So much of this music is striking and individual that its lack of real dramatic effect is at first puzzling. The explanation probably lies in Musorgsky’s failure to vary the pace of the scene, which crawls along, more or less in the querulous vein of the opening, and mostly in slow or moderate tempo, with a single burst of allegro for Salammbô’s decision to retrieve the veil and the chorus’s brief attempt to dissuade her. The other obvious failure is Salammbô herself: ever the stately mezzo-soprano priestess, never the vulnerable, sensuous, but inexperienced girl who will later (in a scene Musorgsky did not set) succumb to Mathô in his tent, not entirely in the calculating spirit of Judith. The treatment of Mathô himself, in the prison scene, is superficially more ambitious. Musorgsky gives him a long monologue which amounts to a summary of all the events in the novel that he had presumably by this time (November 1864) despaired of ever including in a stageable opera. Once again the writing is highly unconventional and individual, and once again it fails to catch fire. Mathô, like Ruslan, is a rather ponderous bass, far from the image of the dashing commander who, with the stolen veil in his hands, risks capture for the look in Salammbô’s eyes and the touch of her sweet lips. Worse, we know nothing about his mind, because his actions, like Salammbô’s, have no context. He remains a wooden statue in a dungeon, like Florestan without the advantage of Beethoven. Musorgsky could perhaps have remedied this by composing the necessary earlier scenes, better still by composing them first. In fact he never composed them at all.
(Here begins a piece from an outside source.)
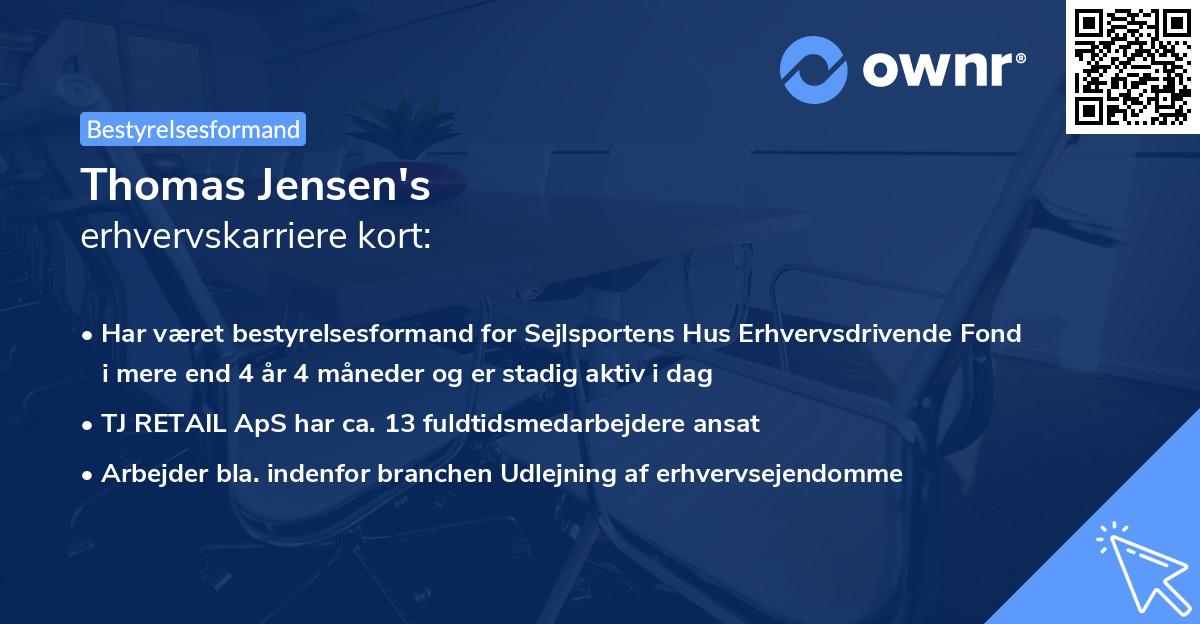 Thomas Jensen's erhvervskarriere kort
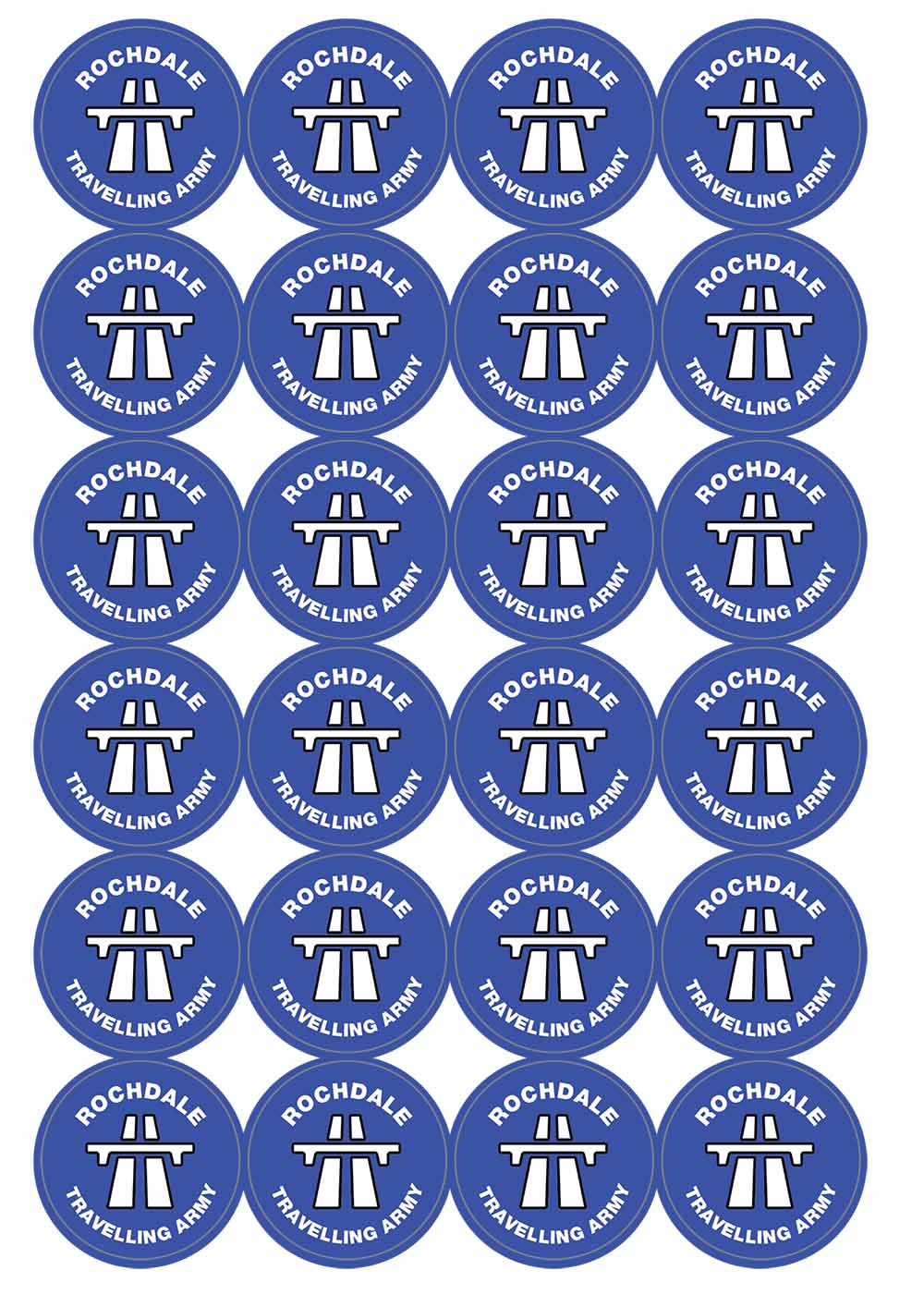 A picture of an A4 sheet of matte paper stickers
By the end of 1864 he must have realized Salammbô was going nowhere. He wrote only one more scene—another set piece—a chorus of priestesses before Salammbô’s death from grief at the sight of Mathô’s horrible torture and death: another invention of his. That was in February 1866; soon afterward he revised and orchestrated the “War Song,” and he also at some point orchestrated the Balearic song and the prison scene. After that, the work went into a drawer, to be plundered as necessary for future scores. Occasionally he would play excerpts at Balakirev’s or Cui’s evenings. “These fragments,” Rimsky-Korsakov tells us, “prompted on the one hand the highest approval for the beauty of their themes and ideas, on the other hand the most severe reproof for disorderliness and muddle.”6 But Musorgsky must long have known that Salammbô was a wrong direction for him; that, as he told Nikolay Kompaneysky, “there is enough of the East in Judith. Art is no game. Time is valuable.”7 He had in fact already begun to explore a landscape much nearer home.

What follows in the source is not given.